There are several important conclusions that emerge from this analysis:

  • First, uncertainty abounds in the process of converting corn stover or other cellulosic feedstocks to biofuel. This analysis has quantified many of the important sources of uncertainty, but not all.
  • The sources of uncertainty that were quantified were feedstock costs, conversion yields (feedstock to biofuel), hydrogen prices, and fossil fuel prices. While all these factors are important, the future fossil fuel price is, by far, the most important source of uncertainty.
  • To reduce private sector risk, a reverse auction resulting in a long-term off-take contract may be a viable option. In our analysis, the reverse auction resulted in a substantial reduction in private investor risk.
  • We compared the reverse auction policy with a capital subsidy policy since governments seem to prefer capital subsidies in some form (such as a direct capital subsidy or a loan guarantee). We found that a capital subsidy having the same expected government cost as the reverse auction did not reduce private sector uncertainty nearly as much as the reverse auction. In other words, the reverse auction is a much more efficient and effective policy instrument than capital subsidies.

Big Picture

Stepping away from the details of the analysis, a big-picture conclusion also emerges. Thermochemical conversion technologies such as fast pyrolysis may be close to being economic, considering only expected cost; however, the variance due to that cost and future fossil fuel prices is large enough to deter private-sector investment especially in early plants. Once investment risk is taken into consideration, it is clear that private investments will not be forthcoming without off-take contracts. A reverse auction would result in such an off-take contract.

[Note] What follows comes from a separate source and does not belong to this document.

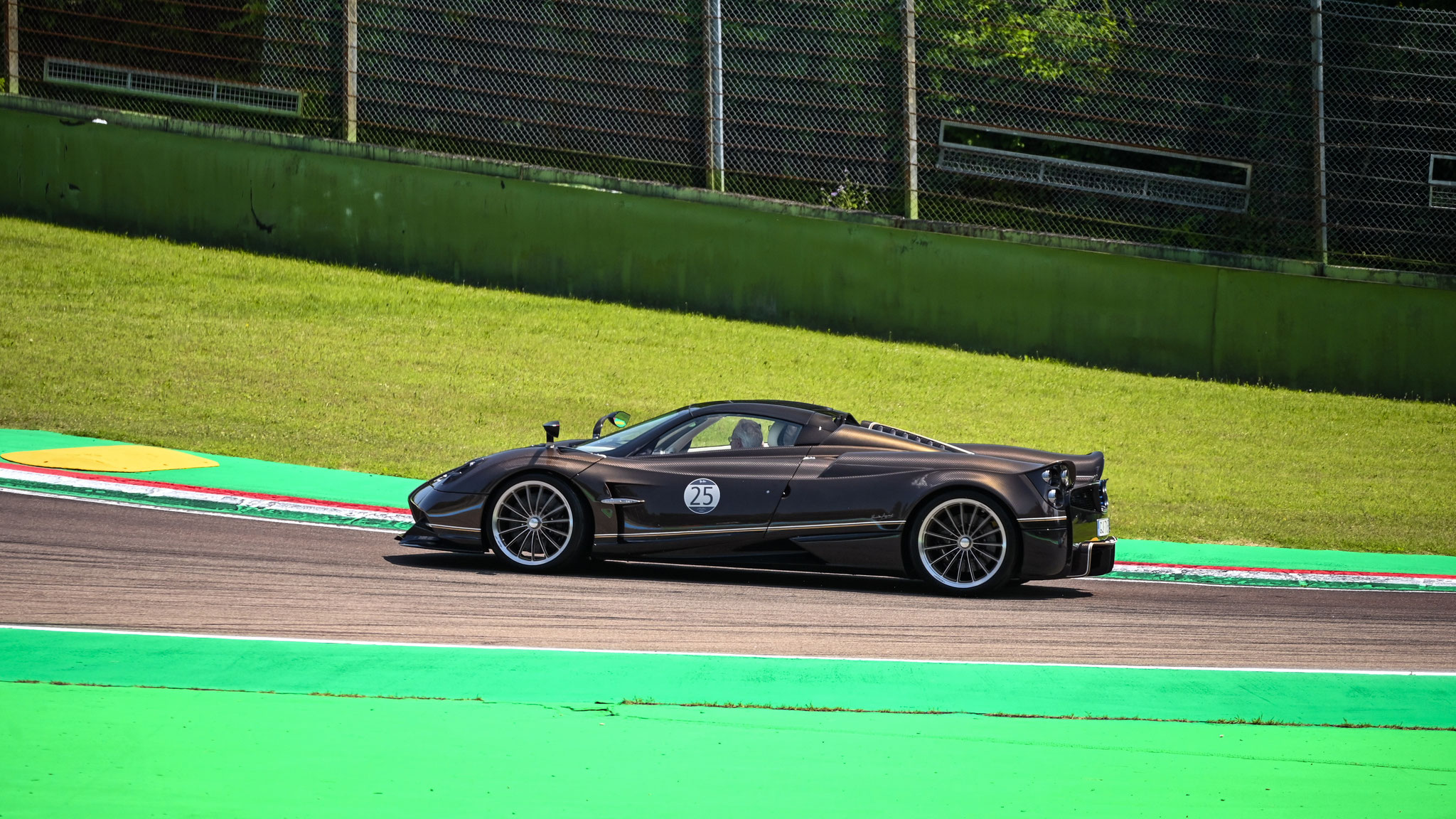Pagani Huayra Roadster - GJ715FM (ITA)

It will be difficult to get these contracts for the first few plants in the private sector because the likely contract price would be higher than the equivalent fossil fuel prices. Since these plants produce a mixture of products, there would need to be contracts or swapping mechanisms for all the plant outputs. Commercial airlines are only interested in jet or aviation fuel. The U.S. Navy may be interested in both jet fuel and diesel.

The bottom line is that the technologies with the assumptions used in this analysis may be getting very close to being competitive over the likely 20-year production horizon of any commercial plant. However, there are no financing mechanisms available at present to get the industry moving.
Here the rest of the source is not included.